And as it happens, I was about to blog about mohawk hairstyles, because like stamped T-shirts they look like something quite modern, when contrary to stamped T-shirts, they are not.
The oldest known record of a Mohawk hairstyle actually predates the Mohawk tribe: it’s been found on the Clonycavan Man, an Iron Age body in Dublin, Ireland. That’s a 2,300 years old quite well-preserved Mohawk hair. I didn’t include a photo here because it’s still not that much to look for, but just follow the above link to Wikipedia.
It would be the fierce image of tribal warriors that would make the Mohawk hairstyle enter modern popular culture, but long before the punk movement. In World War II, the US 101st Airborne Division famous for it’s bravery fighting in Europe, as depicted on “Band of Brothers”, had a sub-unit selected and trained for an almost suicidal mission: the Filthy Thirteen.

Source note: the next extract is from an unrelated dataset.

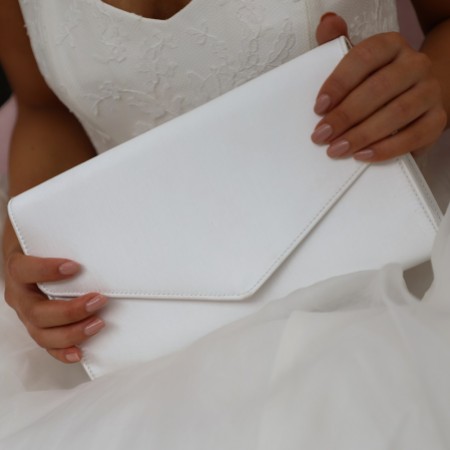 plain white clutch bag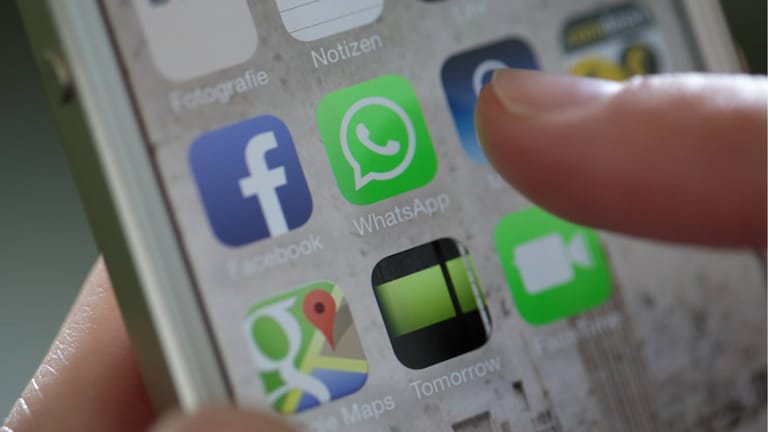 Junge Frau öffnet WhatsApp auf einem iPhone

To incite fear in the enemies, and as a leader of the group, Jake McNiece, was part Native-American, they cut their hair Mohawk style and even painted their faces. The photo above was published by Stars and Stripes in June 1944, and soldiers later in the Vietnam war would also sport such hairstyle.
A fictional Vietnam veteran, Travis Bickle, would then be immortalized in “Taxi Driver” (1976).
Which brings us back to the time-traveler punk unloading at banana docks. By definition this sort of “time-traveler photos” will be singled out because of the fashion statements the apparently out of place hipsters/punks will be sporting.
However – this speaks a lot about fashion – as in the most famous photo, here too the punk wasn’t actually making any sort of fashion statement. He may have cut his hair that way for any number of reasons, you don’t know if he only shaved one side of his hair.
Yesterday’s worker at the banana docks with a ridiculous haircut my be tomorrow’s David Beckham.